Like a lot of women who go through such a traumatic event, Amy stays in silence as she and David go about trying to fit in where they are not wanted. But after the backwood hillbillies get the ax for their lack of work ethic, they are just looking for an excuse to let out their warrior ways and get back at them. That opportunity comes in the form of a sub-plot, one that involves their former football “coach” (James Woods) whose teenage daughter has the hots for the town simpleton Jeremy Niles (Dominic Purcell), who accidentally kills her. David and Amy inadvertently slam their car into Jeremy, and our couple who first starred together in Superman Returns, bring him back to their pad where the not-so even tempered baddies unleash their fury in blood-soaked finale where the city slickers battle back against the cornfed cowards.

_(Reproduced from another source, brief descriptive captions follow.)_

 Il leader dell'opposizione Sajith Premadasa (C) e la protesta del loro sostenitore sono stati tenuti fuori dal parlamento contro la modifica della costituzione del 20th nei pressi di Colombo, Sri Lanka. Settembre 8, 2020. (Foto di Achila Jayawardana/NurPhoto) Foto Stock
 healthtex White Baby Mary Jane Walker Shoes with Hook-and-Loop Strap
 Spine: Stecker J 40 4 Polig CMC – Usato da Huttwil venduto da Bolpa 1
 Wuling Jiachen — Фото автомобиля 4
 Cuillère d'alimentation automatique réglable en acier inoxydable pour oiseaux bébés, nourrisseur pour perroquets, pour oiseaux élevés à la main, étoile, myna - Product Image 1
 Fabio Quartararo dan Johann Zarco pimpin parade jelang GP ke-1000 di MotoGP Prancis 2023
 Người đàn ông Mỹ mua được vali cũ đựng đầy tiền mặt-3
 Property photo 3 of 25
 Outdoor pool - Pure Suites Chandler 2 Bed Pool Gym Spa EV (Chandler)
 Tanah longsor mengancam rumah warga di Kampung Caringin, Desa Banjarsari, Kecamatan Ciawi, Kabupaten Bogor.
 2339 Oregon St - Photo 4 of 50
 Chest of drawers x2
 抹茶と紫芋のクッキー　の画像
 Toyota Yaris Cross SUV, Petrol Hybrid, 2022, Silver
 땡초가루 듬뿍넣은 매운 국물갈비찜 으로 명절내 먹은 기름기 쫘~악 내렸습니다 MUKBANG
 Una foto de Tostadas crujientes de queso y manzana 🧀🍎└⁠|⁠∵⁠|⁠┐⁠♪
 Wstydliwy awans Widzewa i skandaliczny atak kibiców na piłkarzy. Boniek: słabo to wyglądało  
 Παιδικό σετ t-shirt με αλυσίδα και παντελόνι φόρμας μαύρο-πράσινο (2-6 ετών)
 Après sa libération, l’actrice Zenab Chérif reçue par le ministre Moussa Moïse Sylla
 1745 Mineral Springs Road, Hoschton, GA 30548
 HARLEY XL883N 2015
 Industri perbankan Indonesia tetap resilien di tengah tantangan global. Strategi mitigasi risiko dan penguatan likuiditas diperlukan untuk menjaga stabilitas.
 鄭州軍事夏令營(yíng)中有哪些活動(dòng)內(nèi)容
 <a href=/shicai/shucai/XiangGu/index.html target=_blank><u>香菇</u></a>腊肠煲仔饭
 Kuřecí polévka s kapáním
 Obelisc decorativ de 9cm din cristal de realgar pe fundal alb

This film is all about the dissociation between class in society and how we view each other, as well as one man’s descent from order into destruction. On one hand you have people who have the finer things in life like the Jaguar car, the fancy clothes and a steady income. Then you have the blue collar workers who are trying to make ends meet and are just scraping by. In life, most of us fit in the middle and not at the opposite ends of the spectrum, but the movie shows the ugly side of economics and how we prejudge our fellow citizens. There is quite a bit of truth in how some people live in the past, still holding on to their former glory. “Coach” and his former players are bullies whose prime has passed them by and they are bitter about it. David Sumner is forced to shed his unthick skin and stand up and be a man and protect his own. Although his psyche is as cracked as his once pristine pair of glasses, he steps up to the plate with thinking man tactics when trouble comes shooting at his door.
While James Marsden is no Dustin Hoffman, and Rod Lurie is not in the same league as Sam Peckinpah — this remake of Straw Dogs is a taut thriller that shows that we are responsible for our behavior and the behavior of people around us.